50% da dívida da empresa é prefixada, mas a outra metade varia de acordo com diferentes indicadores. O lado bom é que da metade que varia, a maior parte está indexada a LIBOR, taxa de juros do mercado interbancário europeu e que se mantém baixa desde a crise de 2008. Ainda assim, os custos de rolagem da dívida aumentaram de 2014 para 2015, custando à empresa, no ano passado, cerca de 6,3% ao ano, ou R$30 bilhões de reais. Ou seja, somente o valor de juros das dívidas já contratadas em 2015 consumiram 40% do EBITDA da empresa. Essa relação deve aumentar e atingir seu ápice em 2019, sendo ainda mais pressionada se os custos financeiros da empresa aumentarem, algo quase certo pela sua frágil situação de caixa e a possibilidade de aumento de juros na taxa básica nos Estados Unidos. O aumento no prazo da dívida já é reflexo da gestão do caixa da empresa, buscando alongar o máximo possível os fluxos de pagamentos, para tentar amenizar o tsunami de vencimentos daqui a três anos. A situação da empresa, hoje, já é de gestão pela sobrevivência, algo que vai ficar cada vez mais crítico nos próximos anos. Sem contar a recapitalização, que traria dois grandes custos à sociedade brasileira: o direto, relacionado ao aumento do endividamento público; e o indireto, que diminuiria os incentivos à gestão eficiente da empresa – não há outra forma de saída dessa crise que não passe por:
1 – Foco na gestão operacional da empresa;
2 – Redução no tamanho do grupo. Há 4 anos, o grupo tinha sob seu guarda-chuva quase 300 empresas (embora muitas não operacionais). O grupo Petrobras tem que diminuir fortemente de tamanho, via venda de ativos e redução do número de funcionários (ambos já em curso, mas ainda tímidos). O valor de venda não importa tanto nesse momento, e sim tirar da empresa a necessidade de investimento em recursos financeiros e gerenciais em negócios que não sejam de exploração e produção;
3 – Desinternacionalização. A empresa achava que ia competir com Exxon e Shell como uma das maiores 5 empresas de Energia (com foco em Petróleo) no mundo em 2030, algo que foi formalizado no plano estratégico da empresa. Era uma piada. A empresa, agora, deve se comparar com outras empresas nacionais de petróleo e buscar a sobrevivência via gestão operacional e foco na produção local, esquecendo a megalomania dos anos anteriores e vendendo todas (ou quase todas) suas participações em campos internacionais.

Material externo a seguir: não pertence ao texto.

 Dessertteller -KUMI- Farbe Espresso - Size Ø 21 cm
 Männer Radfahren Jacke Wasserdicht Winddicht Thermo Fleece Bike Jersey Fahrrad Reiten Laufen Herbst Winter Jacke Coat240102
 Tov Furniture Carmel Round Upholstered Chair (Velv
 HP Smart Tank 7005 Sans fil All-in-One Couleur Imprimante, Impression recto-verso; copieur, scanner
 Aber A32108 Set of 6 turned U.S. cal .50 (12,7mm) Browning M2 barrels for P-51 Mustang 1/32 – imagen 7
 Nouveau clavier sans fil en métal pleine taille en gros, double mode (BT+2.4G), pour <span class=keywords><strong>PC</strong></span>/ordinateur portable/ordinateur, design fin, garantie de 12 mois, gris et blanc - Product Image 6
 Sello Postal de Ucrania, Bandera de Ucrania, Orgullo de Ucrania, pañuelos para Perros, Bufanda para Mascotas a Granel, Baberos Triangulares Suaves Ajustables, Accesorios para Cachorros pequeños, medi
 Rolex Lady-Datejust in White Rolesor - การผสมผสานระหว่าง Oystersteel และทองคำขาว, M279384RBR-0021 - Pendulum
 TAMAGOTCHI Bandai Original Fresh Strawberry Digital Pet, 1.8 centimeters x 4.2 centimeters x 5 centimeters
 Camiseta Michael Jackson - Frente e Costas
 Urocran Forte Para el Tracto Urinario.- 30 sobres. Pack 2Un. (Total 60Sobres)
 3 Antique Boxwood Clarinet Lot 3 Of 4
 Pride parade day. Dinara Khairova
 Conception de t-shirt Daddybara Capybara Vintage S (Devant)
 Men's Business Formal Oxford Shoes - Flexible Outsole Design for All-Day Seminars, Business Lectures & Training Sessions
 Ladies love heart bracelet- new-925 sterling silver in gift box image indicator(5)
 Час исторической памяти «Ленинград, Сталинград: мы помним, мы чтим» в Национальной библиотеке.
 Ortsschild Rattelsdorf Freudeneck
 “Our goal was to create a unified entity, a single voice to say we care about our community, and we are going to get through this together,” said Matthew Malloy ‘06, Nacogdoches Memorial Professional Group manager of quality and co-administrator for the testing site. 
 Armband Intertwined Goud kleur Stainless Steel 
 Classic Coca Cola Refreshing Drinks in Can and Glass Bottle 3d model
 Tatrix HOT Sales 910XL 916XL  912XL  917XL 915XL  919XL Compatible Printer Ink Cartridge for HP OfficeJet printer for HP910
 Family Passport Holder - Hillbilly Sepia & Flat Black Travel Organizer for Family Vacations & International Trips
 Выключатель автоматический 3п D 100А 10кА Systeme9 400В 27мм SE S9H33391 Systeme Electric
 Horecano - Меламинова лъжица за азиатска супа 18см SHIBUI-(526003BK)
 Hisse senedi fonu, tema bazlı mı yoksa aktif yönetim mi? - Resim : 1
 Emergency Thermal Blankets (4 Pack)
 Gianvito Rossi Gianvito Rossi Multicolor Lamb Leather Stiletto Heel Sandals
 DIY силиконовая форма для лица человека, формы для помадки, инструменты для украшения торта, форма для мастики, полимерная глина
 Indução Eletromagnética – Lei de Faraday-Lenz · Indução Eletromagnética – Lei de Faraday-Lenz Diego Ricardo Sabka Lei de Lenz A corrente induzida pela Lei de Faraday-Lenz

4 – Gestão Financeira. A Petrobras deve continuar tentando alongar o prazo da sua dívida e diminuir os pagamentos a serem feitos no curto prazo. Essa é uma crise que terá ainda muitas repercussões sobre o caixa da empresa.
Não há segredo. A empresa arriscou um plano de investimentos gigantesco para tentar ser uma das maiores empresas do mundo. Por diversas razões, não conseguiu. Melhor ser uma empresa mais enxuta e focada no que realmente gera caixa, do que seguir os passos da OGX, e desaparecer.
Caro Rodrigo.
Excelente análise econômica e financeira da Petrobras. À ausência de gestão e de outros fatores que são de conhecimento público fizeram com que chegássemos a este ponto.
Ressalto ainda que a análise em questão é de grande valia para os gestores de empresas privadas de médio porte, pois, a situação da Petrobras é semelhante à que estamos vivenciando no Brasil.